# [video] It's the Cuber, Not the Cube



## ~Phoenix Death~ (Apr 21, 2012)




----------



## Hermanio (Apr 21, 2012)

I would like to say otherwise- it MOSTLY depends on the cuber, but the cube can play a big role as well. Getting a Guhong II over my older cube improved my averages by about 4 seconds and PB by 2 seconds and I average around 30 secs. On 3x3 solving it doesn't change much, but when we're talking bigger cubes it makes a huge difference.
As an example I take the Rubik's 4x4 and Shengshou 4x4. My times with the storebought were 3 to 4 minutes depending on lock-ups and ''half-pops''. On the Shengshou my first recorded solve was 2:20 and I have managed to shave at least 30 seconds off of that.
I'd say that cuber vs cube would split into 70/30.


----------



## retep (Apr 21, 2012)

Ya, I agree the cuber plays a much bigger role than the cube, but having a good cube definitely helps. I own 2 cubes, a guhong V2 and a rubik's brand store-bought. On the guhong I average about 24 seconds (+/- about 5 seconds), on my rubik's store-bought I average about 50 seconds and don't even break a minute all the time...


----------



## Godmil (Apr 21, 2012)

Do you actually have beginners saying that they think buying the best cube will definitely make them sub-15 or were you just making stuff up? Cause that video sounded like you were complaining about an extreme opinion which doesn't actually exist.


----------



## MWilson (Apr 22, 2012)

"... Unless you're averaging sub-40 on a Rubik's store-bought ..."

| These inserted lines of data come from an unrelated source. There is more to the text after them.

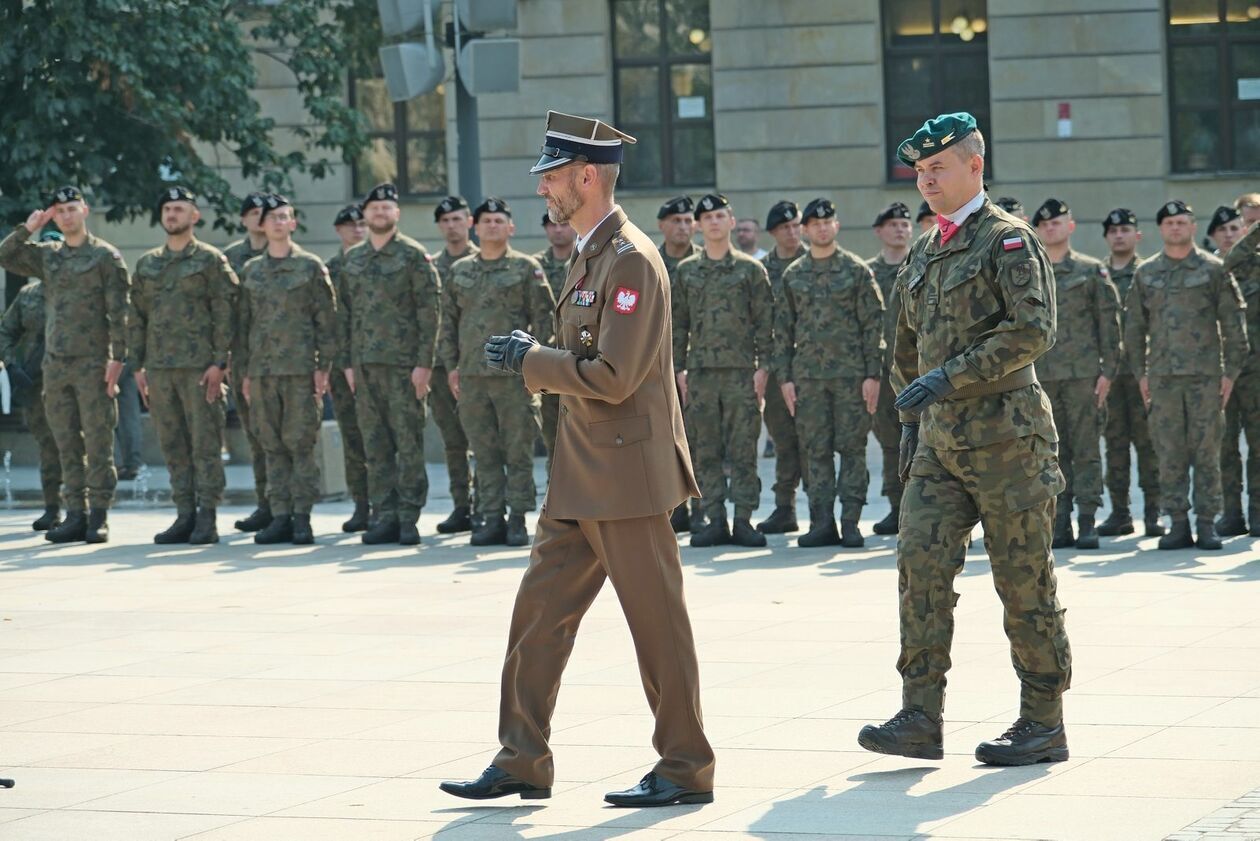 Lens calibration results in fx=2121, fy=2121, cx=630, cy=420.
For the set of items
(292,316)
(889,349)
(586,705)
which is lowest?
(586,705)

Even if it was 100% the cuber, making price the only thing worth considering, it still ends up best to get a speed cube. Rubik's store-bought cubes are over-priced as hell. $30 CDN at a local shop here. There's also RSI and the like to consider when practicing on a really bad stiff cube.

Don't get me wrong, I agree with the message that having a really nice speed cube isn't going to make a really significant difference until much later. I just wish people would stop using Rubik's store-bought cubes as the example. Encouraging anyone, even indirectly, _for any reason_, to buy a Rubik's store-bought instead of a ZhanChi or the like is always a terrible idea.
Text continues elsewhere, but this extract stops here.